Kebuntuan sikap BRICS dalam merespons konflik Iran memunculkan pertanyaan mengenai relevansi blok tersebut dalam menghadapi krisis geopolitik global. Sejak konflik dimulai, BRICS dilaporkan belum mampu menyepakati dua draf pernyataan, termasuk draf yang berisi kecaman terhadap serangan Amerika Serikat dan Israel.

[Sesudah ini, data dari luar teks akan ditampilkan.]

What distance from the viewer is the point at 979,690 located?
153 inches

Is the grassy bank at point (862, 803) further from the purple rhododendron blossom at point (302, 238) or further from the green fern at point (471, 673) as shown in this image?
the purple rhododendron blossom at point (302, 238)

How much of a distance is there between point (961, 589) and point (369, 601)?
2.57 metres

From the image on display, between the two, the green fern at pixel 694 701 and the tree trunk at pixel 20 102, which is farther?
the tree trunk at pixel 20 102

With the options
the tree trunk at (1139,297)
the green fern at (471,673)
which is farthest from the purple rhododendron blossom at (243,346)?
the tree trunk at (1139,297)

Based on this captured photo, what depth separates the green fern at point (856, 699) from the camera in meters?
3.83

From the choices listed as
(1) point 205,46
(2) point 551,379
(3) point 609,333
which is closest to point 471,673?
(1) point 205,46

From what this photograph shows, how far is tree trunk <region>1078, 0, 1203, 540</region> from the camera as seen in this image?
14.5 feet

Iran juga sempat mengajukan draf khusus yang mendorong penghentian serangan. Namun, usulan itu ditolak oleh sejumlah anggota. Uni Emirat Arab disebut termasuk pihak yang menolak, dengan alasan Iran turut berperan sebagai agresor.
Peneliti dari International Institute for Strategic Studies, Irene Mia, menilai BRICS masih dapat mempertahankan relevansinya apabila menitikberatkan kerja sama yang pragmatis, seperti perdagangan dan pembiayaan, ketimbang membentuk diri sebagai aliansi geopolitik. Menurutnya, BRICS dibentuk sebagai alternatif forum negara berkembang terhadap dominasi Barat, tetapi tidak memiliki kerangka pertahanan kolektif seperti NATO. Perbedaan sistem politik dan kepentingan nasional dinilai menjadi tantangan utama untuk mencapai kesepakatan bersama.

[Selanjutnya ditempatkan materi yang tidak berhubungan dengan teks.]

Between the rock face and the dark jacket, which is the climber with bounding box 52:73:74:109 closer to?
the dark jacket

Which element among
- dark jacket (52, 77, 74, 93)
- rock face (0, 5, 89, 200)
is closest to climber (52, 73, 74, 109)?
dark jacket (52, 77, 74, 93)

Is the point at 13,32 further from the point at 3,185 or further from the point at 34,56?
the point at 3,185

Mia juga menyoroti bahwa kesulitan menyatukan posisi bukan hal baru bagi BRICS. Ia menilai pola serupa pernah terlihat pada sikap blok tersebut terhadap kasus Venezuela di masa lalu dan kembali muncul dalam konteks konflik Timur Tengah saat ini.
Ketidakmampuan BRICS merespons konflik dinilai dapat mengurangi kepercayaan pasar terhadap blok tersebut sebagai kekuatan penyeimbang global. Kondisi ini berpotensi memperbesar dominasi kebijakan Barat dalam menentukan arah pasar keuangan dan energi.
Sementara itu, konflik telah memicu volatilitas harga minyak dunia dan meningkatkan risiko inflasi di sejumlah negara berkembang. Dalam situasi ini, BRICS diperkirakan tetap berhati-hati dan menghindari posisi yang tegas, dengan fokus ke depan kemungkinan diarahkan pada isu ekonomi seperti stabilitas energi dan perdagangan.